Antes mesmo dos primeiros traços sobre a pálida folha de papel que se expunha imóvel, como quem esperando e pedindo de mim algo que a tornasse útil, viva de serventia ímpar. Como num abracadabra, abriu-se uma pequena gaveta de minha parca e rala memória, uma bem empoeirada lembrança, que imobilizada adormecia gastada pelo tempo e desuso, é certo, que às vezes, e até quase frequente e, principalmente quando ouço Raimundo Fagner ela vem à toa, mas não com essa ênfase, impulsiva, sem controle. É engraçado, mas, no dia nos sentimos de outro planeta, e talvez, os outros acharam isso mesmo.
Finalzinho dos anos 80, precisamente em 88, fomos convidados, eu e Maria para trabalharmos no jornal e Tv Rio Branco (AC) e, por motivos que não vou dizer, Socorro não quis ir de avião, aliás, que ela não nos ouça, digo: pura matutice. Logo, nos empoleiramos em um ônibus, lá pelas tantas, talvez pelo 5º dia de viagem, por Goiás, não lembro bem, mas por ali, pelo Centro-Oeste, nossos ouvidos sofriam e surdos já eram de tanto ouvir música sertaneja. Nos cantos dos olhos de Maria escorriam água sempre que Xitãozinho/Xoxoró ou Zezé de Camargo/Luciano abriam a boca, e não era de alegria não, é que os olhos dela também não conseguiam mais escutar os gasguitos.

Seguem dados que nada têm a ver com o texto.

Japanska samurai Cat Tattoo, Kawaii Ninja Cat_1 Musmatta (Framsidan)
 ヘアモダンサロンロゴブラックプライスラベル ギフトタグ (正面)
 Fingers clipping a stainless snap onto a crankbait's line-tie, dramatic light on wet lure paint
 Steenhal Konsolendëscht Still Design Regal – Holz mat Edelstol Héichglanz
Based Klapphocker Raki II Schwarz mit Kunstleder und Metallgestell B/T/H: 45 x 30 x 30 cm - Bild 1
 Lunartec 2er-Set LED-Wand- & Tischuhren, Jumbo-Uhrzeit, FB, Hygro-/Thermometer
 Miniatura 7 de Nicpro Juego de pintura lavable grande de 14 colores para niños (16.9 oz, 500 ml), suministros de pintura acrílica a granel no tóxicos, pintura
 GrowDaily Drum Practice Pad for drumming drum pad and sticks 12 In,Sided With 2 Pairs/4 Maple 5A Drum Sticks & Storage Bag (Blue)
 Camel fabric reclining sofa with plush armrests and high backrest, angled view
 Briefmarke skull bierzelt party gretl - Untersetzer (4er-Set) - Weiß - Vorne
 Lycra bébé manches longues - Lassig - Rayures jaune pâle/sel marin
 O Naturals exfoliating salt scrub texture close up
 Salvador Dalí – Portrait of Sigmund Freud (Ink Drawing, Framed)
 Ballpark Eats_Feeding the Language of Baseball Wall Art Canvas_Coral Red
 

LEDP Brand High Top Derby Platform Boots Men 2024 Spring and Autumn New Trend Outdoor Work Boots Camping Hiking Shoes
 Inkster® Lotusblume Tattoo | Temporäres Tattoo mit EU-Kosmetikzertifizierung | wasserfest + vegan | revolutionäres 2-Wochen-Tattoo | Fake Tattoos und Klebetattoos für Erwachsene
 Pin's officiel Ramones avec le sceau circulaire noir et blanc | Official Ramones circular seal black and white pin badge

Comovido, peguei uma fita cassete gravada lá Disco Fitas com Carlinhos, me dirigi até o motorista lhe pedi para botar no seu RoadStar, gentilmente ele o fez, segundo após o play, Fagner e Paco de Lucía começaram a cantar “Verde que te quero verde”, um mórbido silêncio de milésimo de segundos, se apoderou do ônibus seguido de uma vaia e uns “tira isso daí, que coisa ruim, ô música choca…”, apressadamente dei meia volta à nossa poltrona, devidamente bem acompanhado dos artistas guardados e seguros na Basf. De sorriso amarelo compulsoriamente estampado no rosto sentei para consolar os olhos de Maria e meus doídos ouvidos. O resto da viagem foi sob a mesma e torturante trilha sonora, por castigo, creio eu.